According to Campbell-Young, all incidents will leave digital footprints. “Irrespective of the system or device, a trail is always left. This is where cyber forensics, or using IT and legal knowledge to analyse and use the digital evidence found, comes in.’
Cyber forensics is mostly used for investigations that, due to regulatory or criminal elements, will end up in court, and as such, the evidence needs to be collected and stored in a legally acceptable manner. “This evidence is easy to lose or distort, and must be handled and preserved in a manner that guarantees that this hasn’t happened.”
He says there are several digital forensics tools and techniques that can be used to trace the trail of an event, recover any lost data and files, as well as for monitoring to establish whether any abuse has occurred. “But perhaps its most valuable application is the way these tools can be used to identify what caused the incident, and to gather evidence for use by law enforcement and the legal system.”
Every day, in the course of the running of the business, a slew of digital data and records are generated. “All these records and other bits of information can become critical pieces of the puzzle in the event of a security breach. Much of this data is stored and preserved as a matter of course by the disaster recovery and business continuity processes, as well as the data retention policies. All businesses have backup files, system monitoring logs, and even camera footage. However, there is a lot of digital information that isn’t stored automatically, and might be needed should a security event occur.”
Campbell-Young says this evidence could take the form of IM chats or emails, or even SMS messages on smartphones and other devices. “It is impossible to predict exactly what data may be required in the event of an incident, or whether it will be needed for regulatory purposes, or merely for an internal investigation.”
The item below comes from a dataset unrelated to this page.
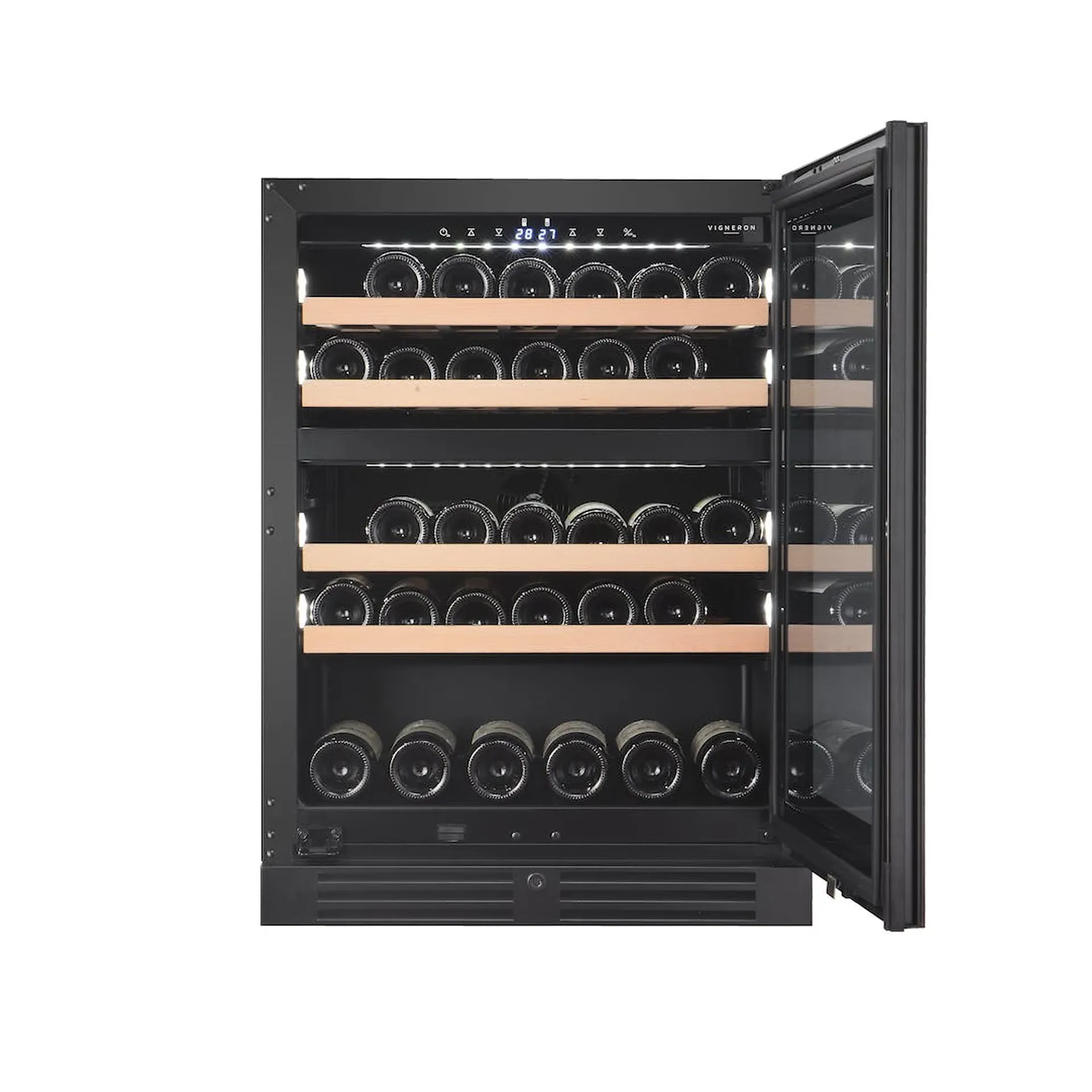 Designline 60 double zone black - Vigneron - NO GA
He says this is why forensic readiness is so important. “Forensic readiness helps a business automate its actions and activities so that retrieving digital evidence becomes second nature, without any issues. “The ideal is to have systems in place that record and store digital evidence in the legally appropriate manner as a matter of course. In this way, irrespective of the incident, the evidence is available, without having to impact on operations or productivity.”